### YOUR GOAL
Return the lines below exactly, please, from the one containing "image of a busy" through the last one, both included, and leave out any pictures.

* * * * *

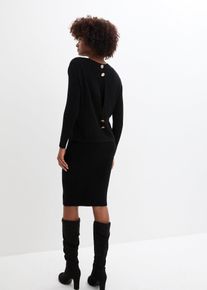 bonprix Strickkleid mit Pullunder 2tlg. Set, schwarz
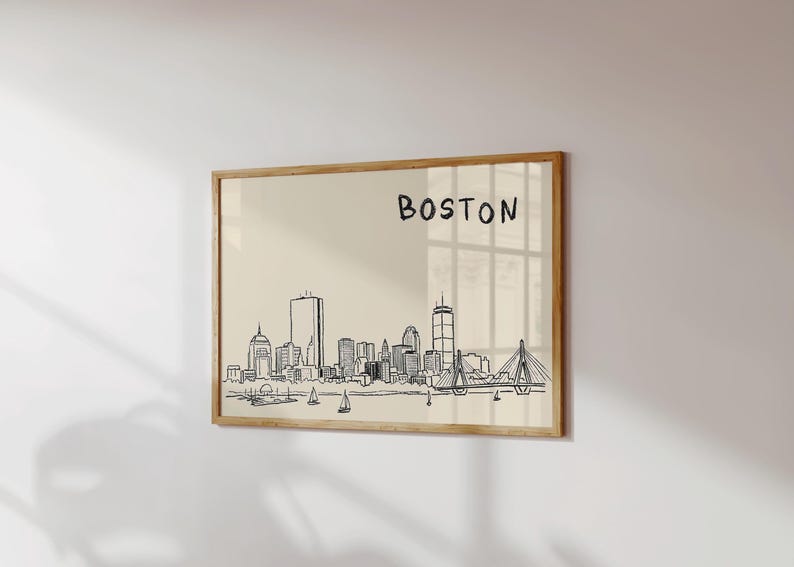 Minimalist hand-drawn sketch of Boston skyline in black ink on a beige background, organic modern wall art style.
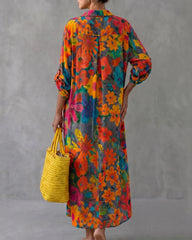 Half Sleeves Loose Buttoned Contrast Color Floral Printed Split-Front Lapel Maxi Dresses Shirt Dress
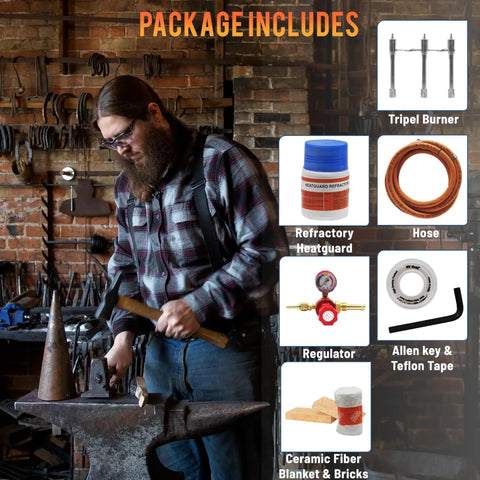 Blacksmith using Portable Propane Forge With Triple Burners And One Side Door For Blacksmithing And Knife Making
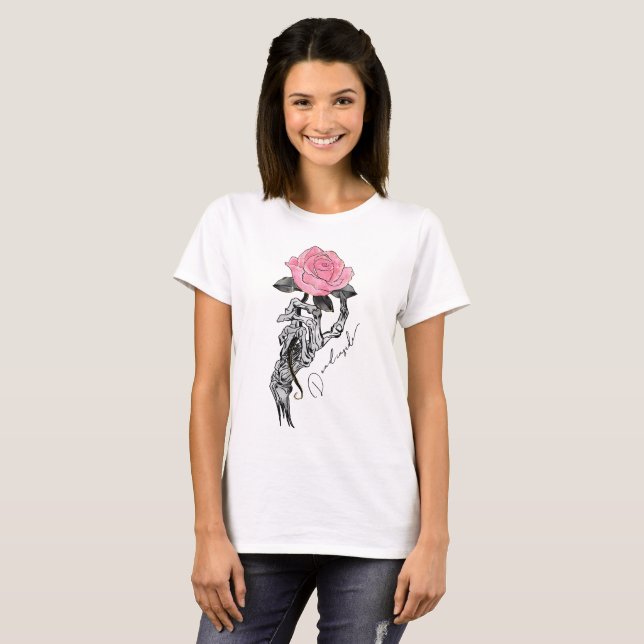 Camiseta Rosa de esqueleto do Dentro morto (Frente Completa)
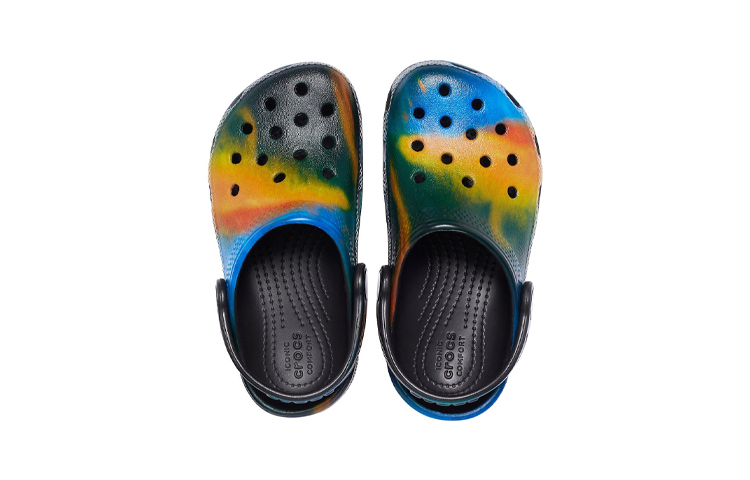 (PS) Crocs Classic Clog 'Black Blue Yellow Floral' 圖 5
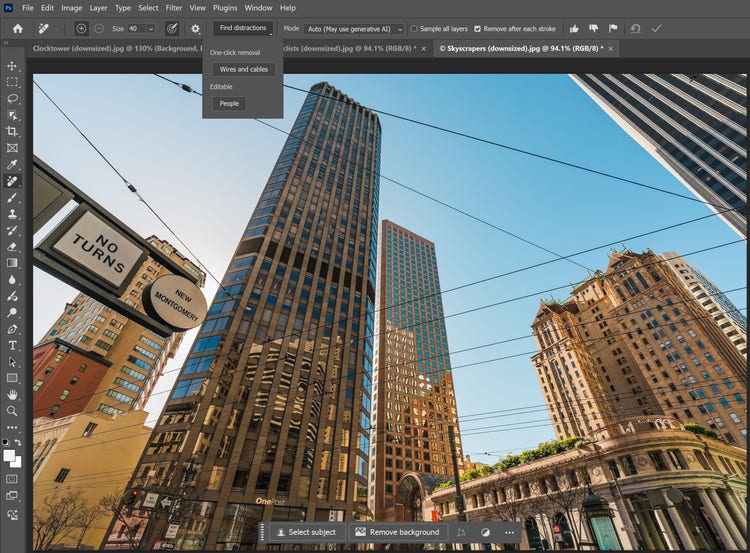 image of a busy city scene with distracting wires and cables.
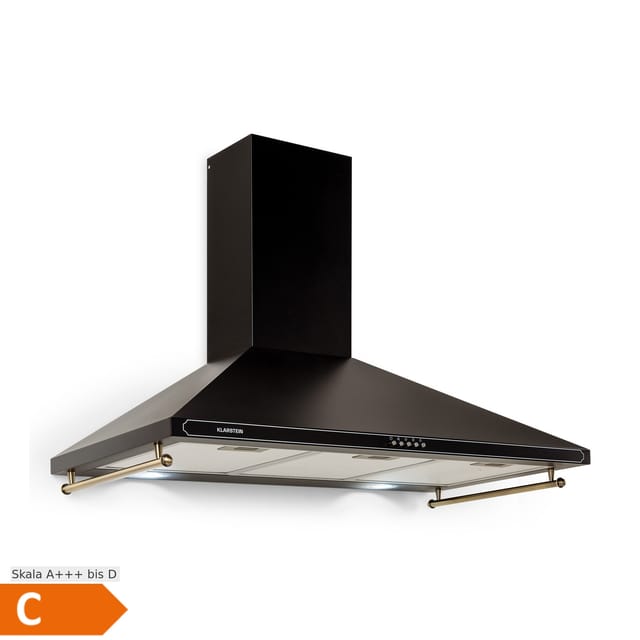 Klarstein Victoria 90 Dunstabzugshaube 90cm Retro-Design 644,5m³/h 2 LED-Lampen Schwarz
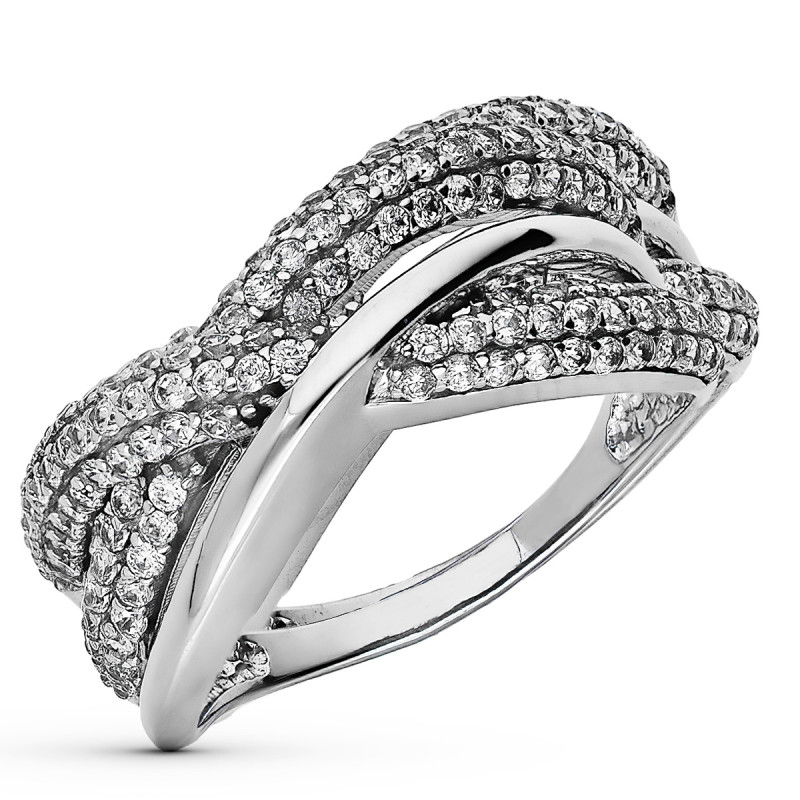 9K SORTIJA ORO BLANCO CON CIRCONITAS. ANCHO: 9 MM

* * * * *

### TASK OUTPUT
 image of a busy city scene with distracting wires and cables.
 Klarstein Victoria 90 Dunstabzugshaube 90cm Retro-Design 644,5m³/h 2 LED-Lampen Schwarz
 9K SORTIJA ORO BLANCO CON CIRCONITAS. ANCHO: 9 MM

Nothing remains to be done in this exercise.